Вставали мы рано. В шесть часов уж на работе были. Летом занимались: сначала сеяли, потом назем возили на лошадях, а потом сенокос. С работы приходили часов в девять. В сенокосную пору в селе почти никого не оставалось. Все, кто мог держать косу и грабли, — все и дети, и старики в поле. Ехали, бывало, целыми семьями, и никогда такого не было, чтобы кабан (зарод) начали метать и не закончили, хоть до двенадцати, а все же кончим. Не чета нынешним колхозникам — чуть пять часов пробило, уж все домой рвут.

Добросовестнее мы были, хоть и получали шиш с маслом, а не гнушались работой. А там не успеешь сенокос закончить, уж рожь жать надо. А вот и осень на носу, там картошку копать надо, навоз опять возить, да сеешь ржаное поле, поле обрабатывали. И в основном всю осень картошку копали. Ведь посадим — даже не знаем сколь гектаров. Уж мерзнет земля, а мы все картошку копаем. Да и там уже готовили хозяева свои сусеки, амбары под зерно, муку. Хлеба раньше много было, как говорится — «что посеешь, то и пожнешь».
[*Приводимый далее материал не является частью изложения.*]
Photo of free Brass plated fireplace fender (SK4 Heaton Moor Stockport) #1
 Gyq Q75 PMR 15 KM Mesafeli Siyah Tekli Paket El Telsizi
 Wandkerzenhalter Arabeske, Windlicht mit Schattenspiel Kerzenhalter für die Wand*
На месте не сидели — все в работе. Зимой занимались молотьбой. Молотили на гумне рожь, овес, пшеницу, ячмень. Мужики плотничали на коровниках, конюшнях. Бабы возили навоз — все ведь вручную. На себя, в своем хозяйстве приходилось работать только ночью. Зимы были холодные, снежные, приходилось огребать коровники. Все вертишься, крутишься, ан уж и весна на дворе. Мужики опять брали в руки топор, уделывали телеги, подправляли колоды. Техники не было у нас, только лошади, все делали вручную, время, конечно, много уходило.
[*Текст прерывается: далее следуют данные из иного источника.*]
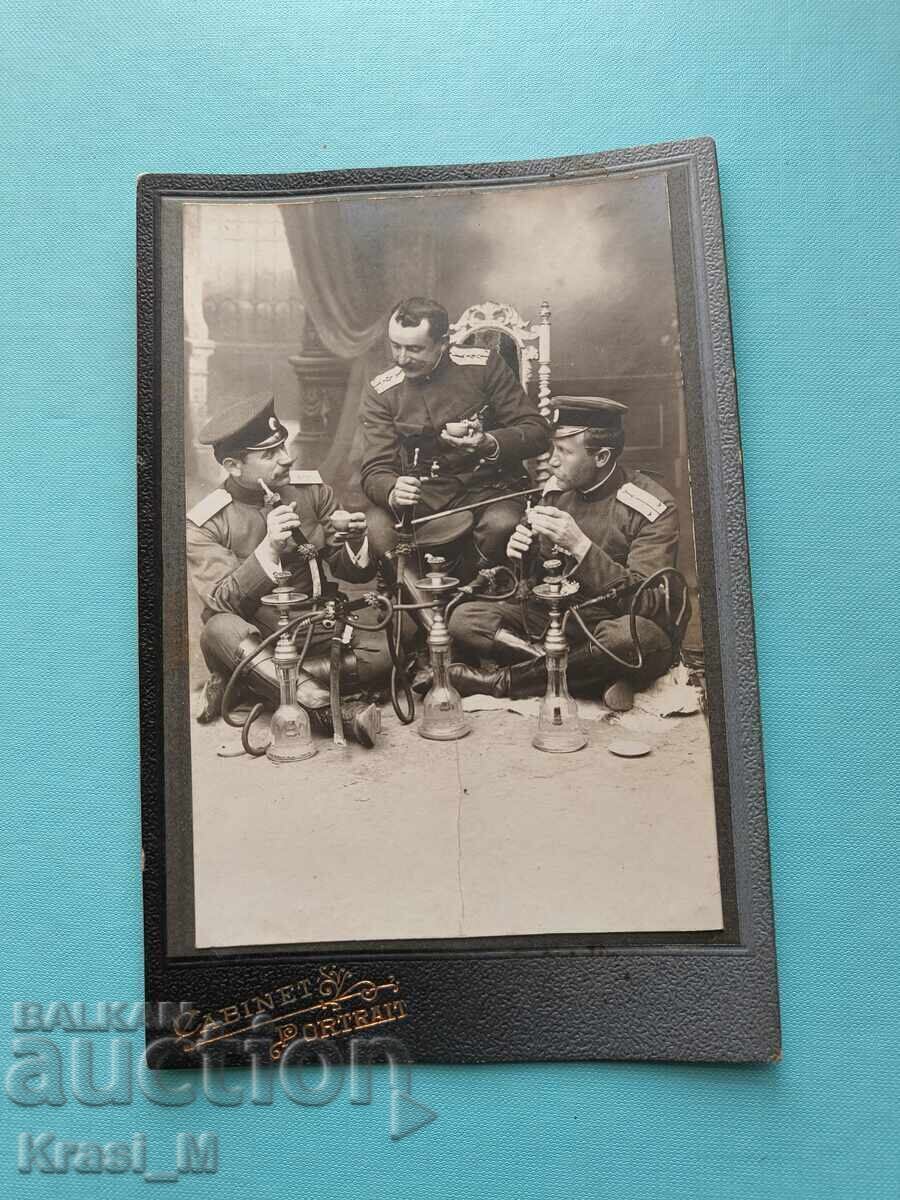 Φωτογραφία, αξιωματικοί καπνίζουν ναργιλέ μετά την κατάληψη της Αδριανούπολης! με τιμή € 90.00 | 176.02 BGN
Готовились к посеву тщательно, уж все продумывали, так как знали, что ежели плохо сработаем, то и зубы на полку. А семьи были большие, поэтому раздумывать не приходилось, работали в полную мощь. Каждая минутка была занята. Ведь если все вовремя делать, дак и время-то на отдых не остается. Выходных, особливо летом, не было, работали с утра до ночи. Детей воспитывать и то было некогда, так уж старшие доглядывали за младшими. А что делать, «хочешь жить — умей вертеться». Вот и вертелись, и не напрасно. Богатый колхоз у нас был. Правда, наведывались частенько партийцы. Приедут, все зерно у нас выгребут и отчалят восвояси, а мы как хошь, так и кормись… И ничего сказать было нельзя.

«Занимались кустарным делом»

Зубарев Василий Петрович, 1921 год, дер. Ивенцы

Земли были неплодородные, и на каждую душу приходилось очень мало земли. Поэтому в нашей деревне все сельское население занималось кустарным промыслом, столярным.